Interessi legali da ogni singolo addebito e giudicato interno (Cass. civ. Sez. I n. 6853 del 14.03.2025)
Principi di diritto (Massima)
In tema di azione di ripetizione di indebito da rapporto di conto corrente, la diversità di regime del debito di valuta rispetto al debito di valore si riproduce anche quanto agli interessi. Ne consegue che la statuizione di primo grado sulla loro decorrenza dalla data del singolo addebito non può essere riformata dal giudice d’appello in assenza di specifica impugnazione, formandosi sul punto il giudicato interno.

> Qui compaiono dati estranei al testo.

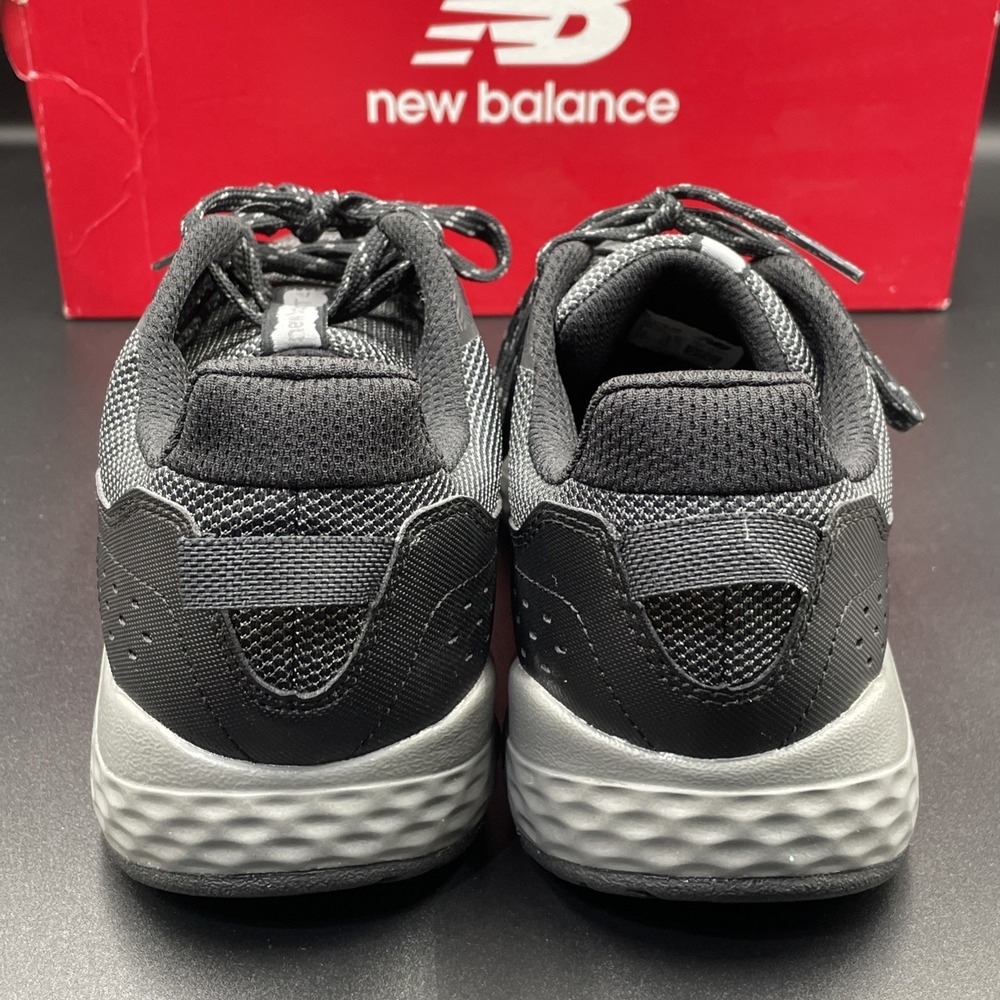 New Balance 410v8 Trail Running Shoes Black Grey MT410LB8 Mens Size 9 4E WIDE - Picture 4 of 7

Il giudice di legittimità, accertata la violazione dell’art. 112 cod. proc. civ. e dell’art. 2909 cod. civ., cassa il provvedimento e, decidendo nel merito, riconosce gli interessi legali dalla singola operazione di addebito al soddisfo.
Il Fatto
Una società correntista aveva intrattenuto con una banca, presso una propria agenzia, un conto corrente di corrispondenza acceso nel 1990 e chiuso nei primi anni Duemila. Ritenendo illegittime le pratiche della banca, la correntista aveva contestato la pattuizione del tasso di interesse superiore a quello legale, la capitalizzazione trimestrale degli interessi passivi in violazione dell’art. 1283 cod. civ. e l’addebito trimestrale della commissione di massimo scoperto.
Il Tribunale di Agrigento aveva parzialmente accolto la domanda, rideterminando il saldo a credito e riconoscendo gli interessi da ogni singolo addebito. La Corte d’Appello di Palermo, in parziale riforma, aveva rideterminato l’importo e mutato la decorrenza degli interessi, fissandola alla data della domanda. La correntista ha proposto ricorso per cassazione, dolendosi della riforma di un capo non impugnato.
La Motivazione della Corte
Il ricorso denuncia violazione dell’art. 360, n. 3, cod. proc. civ. in relazione all’art. 112 cod. proc. civ. e all’art. 2909 cod. civ.. La ricorrente sostiene che la Corte territoriale ha riformato la statuizione di primo grado sulla decorrenza degli interessi senza che la banca avesse proposto specifico motivo di appello sul punto, così violando il giudicato interno formatosi.
La Corte di Cassazione ritiene fondata la censura. Il Collegio ricostruisce la distinzione tra debito di valore e debito di valuta. Nel primo, da fatto illecito, gli interessi costituiscono una tecnica di liquidazione del danno e possono essere riliquidati in appello anche in assenza di impugnazione. Nel secondo, che ricorre nell’azione di ripetizione di indebito, opera un regime diverso.
Da tale diversità la Corte trae la conseguenza decisiva: quanto al debito di valuta, la differente disciplina si riproduce anche sul piano degli interessi. La loro riliquidazione, pertanto, richiede una specifica impugnazione, non potendo il giudice d’appello provvedervi d’ufficio.
Nel caso concreto, la Corte territoriale aveva modificato la decorrenza degli interessi senza che fosse stato proposto alcun motivo di appello sul capo corrispondente. Il ricorso è quindi accolto e il provvedimento impugnato cassato. Decidendo nel merito, la Corte dispone che, sulla somma come rideterminata dalla Corte d’appello, sono dovuti gli interessi legali dalla singola operazione di addebito al soddisfo. Le spese dei gradi di merito sono compensate, mentre il controricorrente è condannato alle spese del giudizio di legittimità.